En este nuevo trabajo, el creador de MUZ, montaje al que en varios aspectos parece tributar aquí una especie de homenaje apela a la superposición de planos dramáticos que se tiñen de un sinnúmero de acciones rigurosamente coreografiadas y donde lo textual, a diferencia de otros montajes, adquiere una inusitada relevancia. En particular, desde la irrupción de una serie de monólogos a público que transitan los personajes (los principales, La Maga, La Vieja, La Mimi, El Ñomo, Pirulo y Fifí) en su faceta más realista, y que surgieron de algunos de los testimonios reales de muchas de las víctimas de la última dictadura.
Pero no conforme con eso, con la misma ironía y dolor que Señora 1 y Señora 2, los personajes de Litófagas, obra fundante del lenguaje absurdo “eljatibiano” se preguntaban entre apagones por sus hijos desaparecidos mientras detenían por un instante sus escobas, también hay aquí una mirada de soslayo, un pantallazo oblicuo a la problemática central donde se refleja la complicidad silenciosa de un vasto sector de la sociedad y una serie de fenómenos distractivos, entre otros, los de la publicidad, sin dejar de lado que desde el texto y desde las acciones El-Jatib también potencia y desenmascara esa mueca fatal que edifica a cada uno de sus personajes.
También reaparecen escenas que han sido una constante dentro de la producción dramática de El Rayo en estos 25 años, como la comida y reunión familiar donde se origina la violencia, ahora remedando el basural y la pobreza extrema de la inmanente RAM, del mismo modo que Las Erinias (o las brujas en Macbeth), que alejadas del rojo furioso de La consagración de las furias caricaturizan la impronta de tres señoras de la alta sociedad que conspiran y urden el mal.

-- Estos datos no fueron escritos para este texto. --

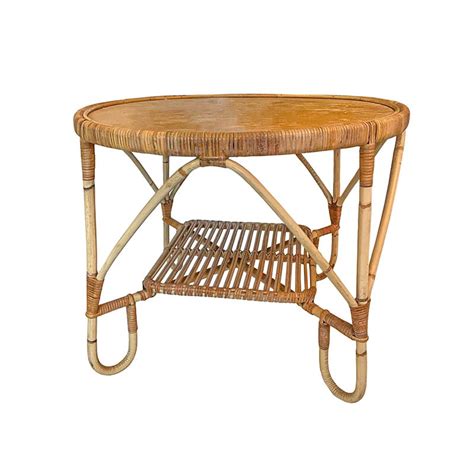 Rattan table | Pre-used design | Franckly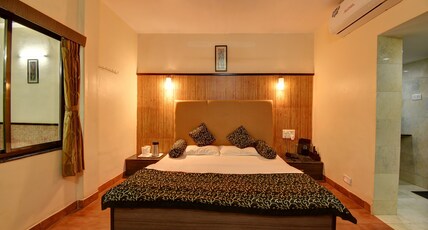 SAVSHANTI MOTELS PVT. LTD Room Type - Four Bedded AC Room No Balcony and Lake View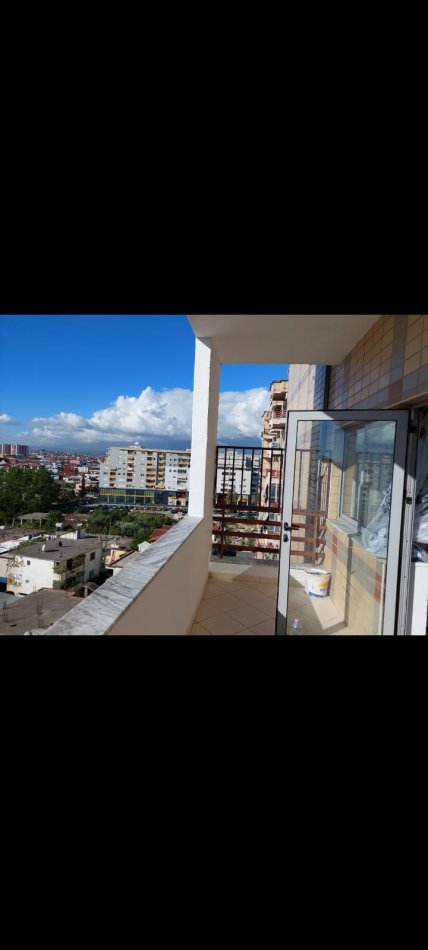 Tirane, jepet me qera apartament 1+1 Kati 6, 70 m² 450 € (BAR OSLO)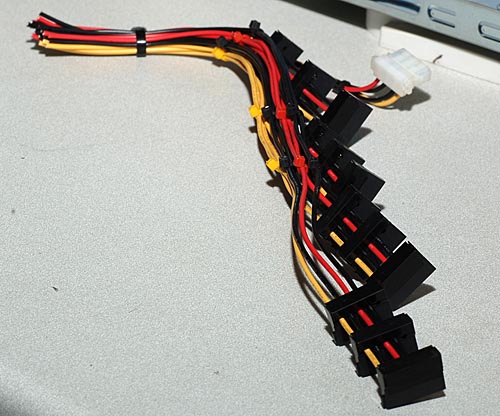 Spine of SATA connecters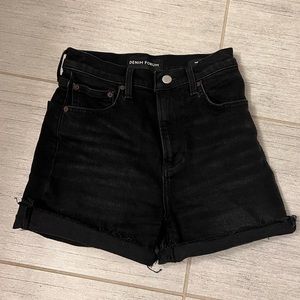 Aritzia Denim Forum black shorts size 24 (00) or xs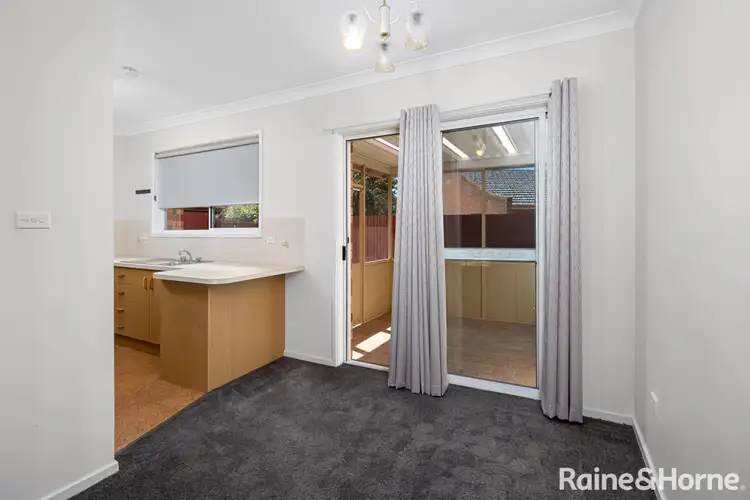 Third view of Homely house listing, 2/5 McKinnon Street, Wagga Wagga NSW 2650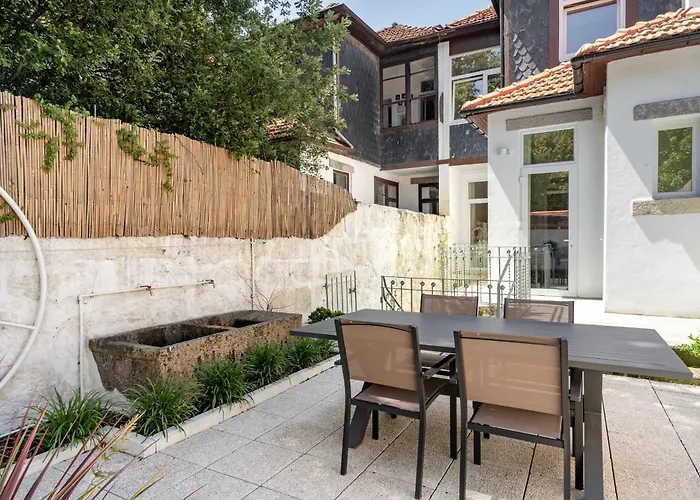 Downtown Grand Apartment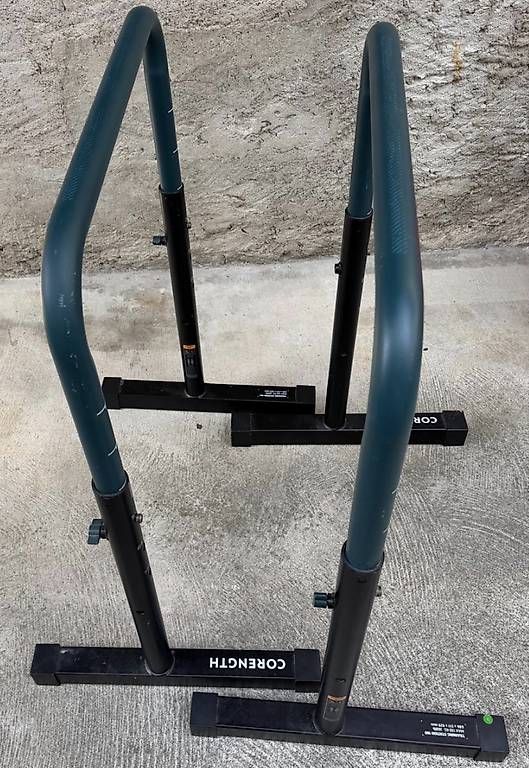 Vélos d'appartement: Barres à dips réglables – D'occasion à Orbe par tom_q2vy 1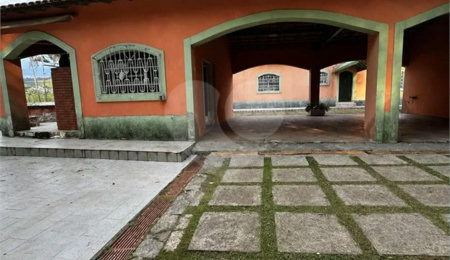 Casa à venda com 5 quartos, sendo 1 suíte,  em Portal das Acácias, Santana de Parnaíba, SP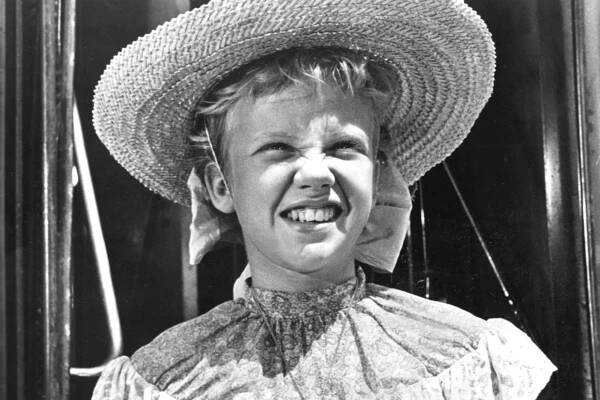 Hayley Mills Finally Gets Her Oscar!
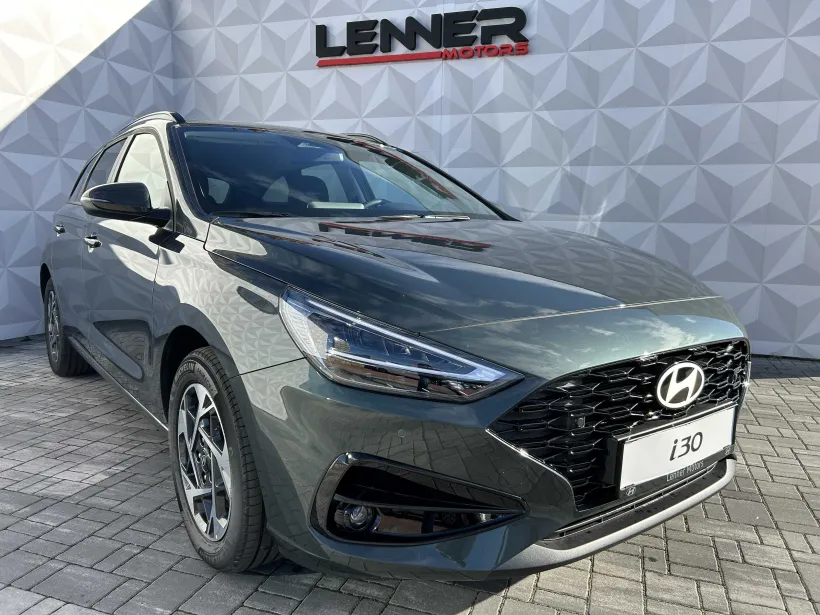 Hyundai i30 WG 1.5i GO Czech!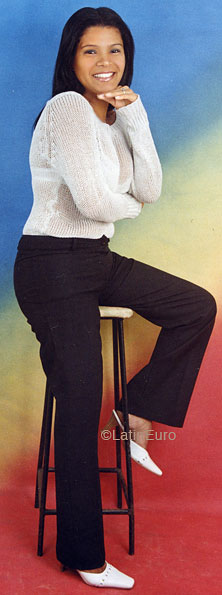 Date this attractive Brazil girl Roberta from JABOATAO B6047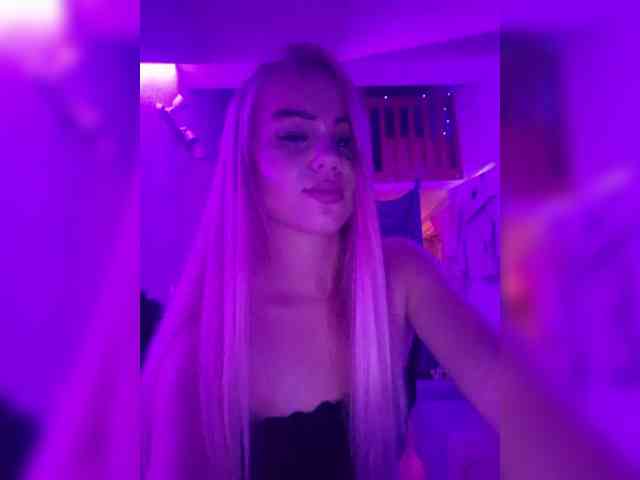 Yourprincess12 webcam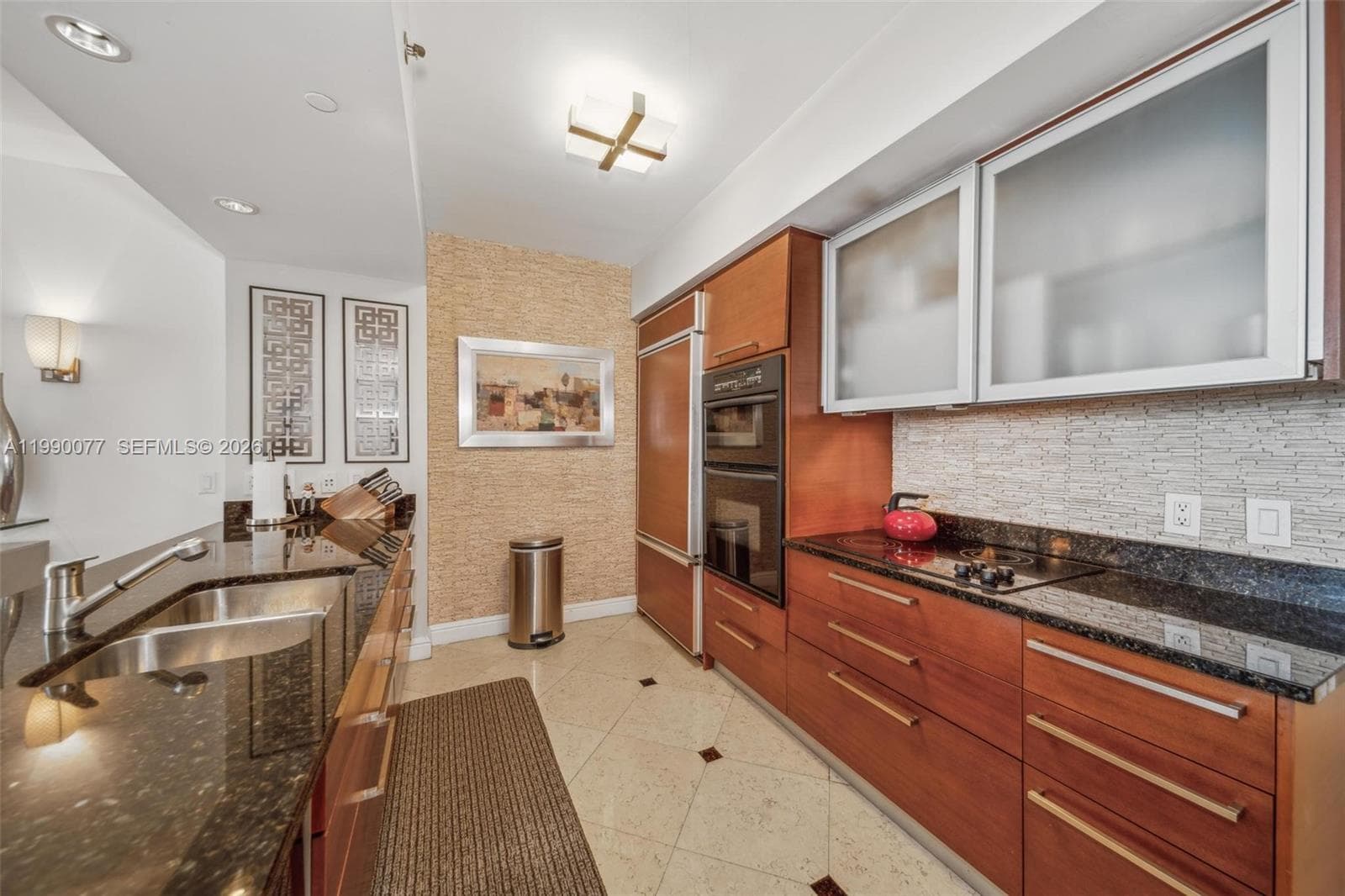 1830 S Ocean Dr 3111 photo 3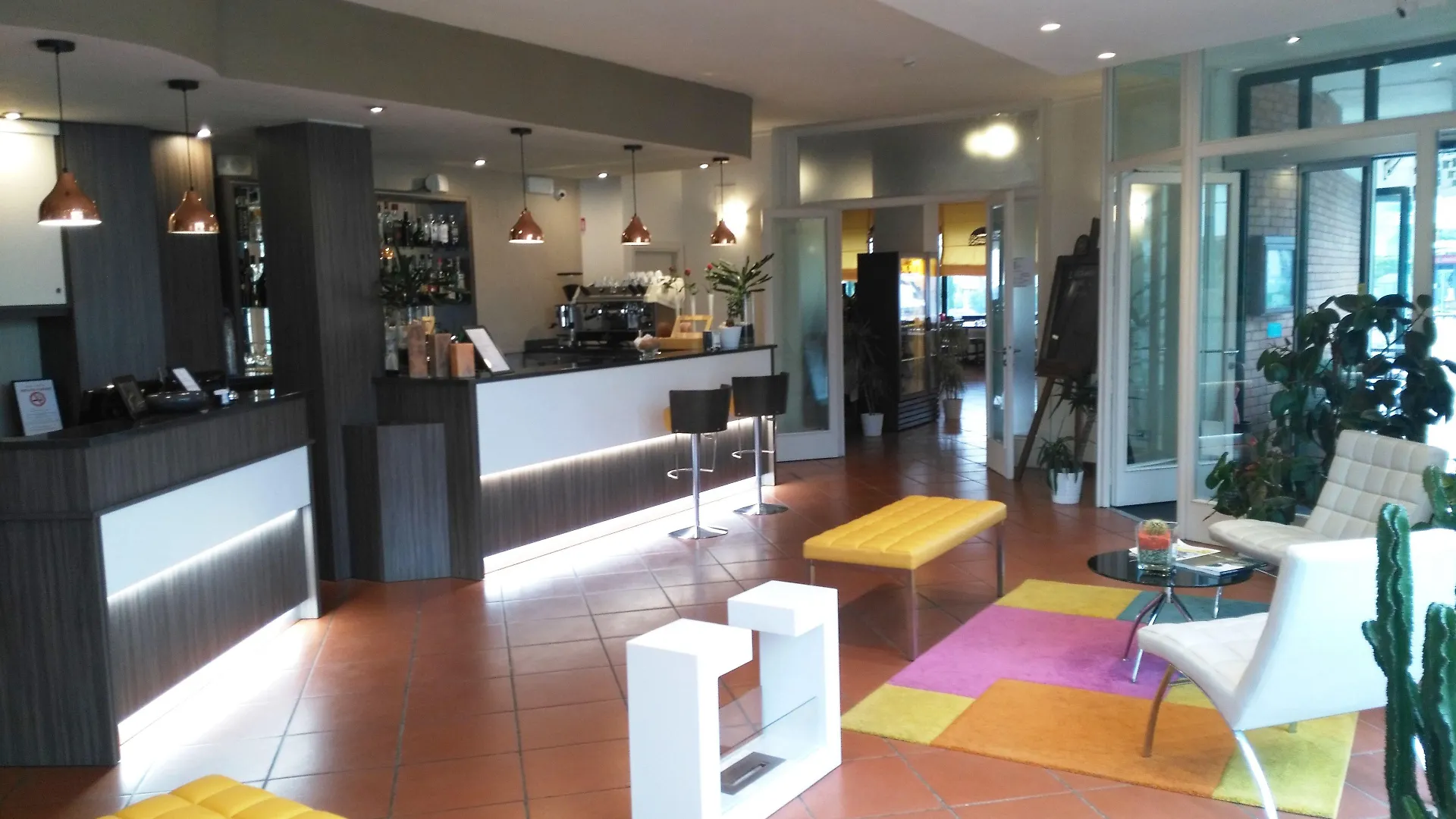 Staying In Firenze Area: 4 Central Hotels Compared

Es en medio de ese magma de cuerpos y palabras, de esa pulsión inagotable de ideas a borbotones tan propia de este valioso equipo de trabajo de trascendencia nacional e internacional cuya amplitud poética va del tango a la tragedia griega, donde prevalecen la profundidad y la desmesura del mal. El-Jatib y sus actores plasman escenas de una belleza radical, de un inusual lirismo que, al mismo tiempo, se valen de lo atroz, el sinsentido de la muerte y la pérdida de los valores esenciales.
Allí, la desnudez se revela desde su costado más pictórico: los cuerpos son definitivamente instrumentos poéticos, y la precisión de las fugas conspira a favor de cada una de las bellas y al mismo tiempo aterradoras escenas.
Como también es un clásico en la vasta producción del grupo (y particularmente en este montaje) hay algunos datos que se sostienen en el tiempo: la claridad ideológica y el funcionamiento de un dispositivo escénico que se edifica y deconstruye a partir de la idea de una nueva puerta, ahora la un auto (todo un símbolo) que “chupa” cuerpos y “escupe” cadáveres y que junto con la dramaticidad que prevalece en la puesta de luces y el siempre conmocionante universo sonoro son marcas indelebles de la más cruel y oscura de las noches de la historia argentina reciente donde Dios, por si quedaba alguna duda, vuelve a ser una máquina de humo.